Her desire to understand what is wrong with her homeland sent her to Germany on a Fulbright scholarship in 2020. The result of years of in-person interviews and meticulous research is her new hit podcast, “Memory Wars,” which dives into the ways that we remember the past and how that affects our present.

After six years covering policy and politics for WVTF, Southwest Virginia’s premier NPR affiliate, Noe-Payne was emotionally drained.

“Any journalist will tell you that it’s been a challenging time the past few years to do the job,” she says. “I needed a change of pace. It’s natural professional growth when you cover breaking and daily news and you start to see the same themes emerge again and again. You get naturally curious and begin to understand how the context of history informs today.”

Regardless of its Nazi past, modern Germany is largely known for its pacifism. The Confederacy in the South represented another cruel regime based on white supremacy. However, the systemic racism that defined that polity’s four-year reign continues to plague the United States to this day. So how has Germany tried to overcome its dark past? Noe-Payne seeks to offer an answer to that tricky and timely question over the six episodes that comprise “Memory Wars.”

One stereotypically German term that her podcast listeners will quickly learn is Vergangenheitsbewältigung —the process of reconciling the past in order to avoid repeating it.

“The premise from the get-go was the importance of hearing those stories from Germany and how it impacts our thinking on this side of the Atlantic about Reconstruction and remembrance,” Noe-Payne explains. “This podcast is a way to reframe and rethink our understanding of history.”

To delve into such sensitive subject areas, Noe-Payne knew she would need a partner and sounding board. Upon her return to the States she recruited as co-host Michael Paul Williams, the Pulitzer Prize-winning columnist at the Richmond Times-Dispatch.

“Who better to talk about reconciliation with than a Black man in Richmond who has covered these issues for decades and can speak directly as to how he has seen firsthand this process of history unfold in America?” Noe-Payne continues. “I am a natural optimist and he’s a natural pessimist, so the two of us challenge one another -- and that's the energy I wanted brought to this podcast.”

The duo published the first two episodes of “Memory Wars”—a prologue and a tale of two reconstructions—on June 9th.

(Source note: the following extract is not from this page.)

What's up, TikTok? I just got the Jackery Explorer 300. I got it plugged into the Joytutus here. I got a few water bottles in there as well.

Today marks the release of the third episode, “Hayley’s Story.” Additional episodes will appear in subscribers’ feeds twice per month into the first week of August. Besides offering Noe-Payne more time to make final edits to the series, the staggered releases serve a second purpose.

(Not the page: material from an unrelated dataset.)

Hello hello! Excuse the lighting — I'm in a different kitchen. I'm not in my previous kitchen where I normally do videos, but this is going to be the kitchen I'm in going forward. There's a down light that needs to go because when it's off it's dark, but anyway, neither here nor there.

“This is a slow burn. My hope is that people have time to process and sit with things,” says Noe-Payne. “I don’t want people immediately jumping from one episode to the other because it’s tough material to binge.”

For now, “Memory Wars” will only be available wherever folks get their podcasts. However, by autumn Noe-Payne plans to make the necessary edits to make the series available for play on broadcast radio. As early as September, episodes of her podcast could be playing on WRIR, VPM, or her home station of WVTF—not to mention countless other public radio affiliates across the country potentially interested in such terrifyingly relevant subject matter.

Listeners who make it through to the end of “Memory Wars” may be disappointed to find that Noe-Payne doesn’t tie America’s racial reconciliation into a neat little bow. In her opinion, any attempt to stuff such challenging and complicated matters into a box would be a disservice.

“Whatever amount of this podcast’s content listeners engage with, I hope that they walk away with the same impression I have. Which is that this work—the work of engaging with a difficult past, processing and reckoning with trauma and the sin of a society—is really hard, neverending, and yet still possible,” Noe-Payne says. “We want it to be easy and to draw a line in the sand and say, ‘it’s all done,’ but that’s just not how it works.

“But it is possible, and it is worth it. Heck, it’s vital.”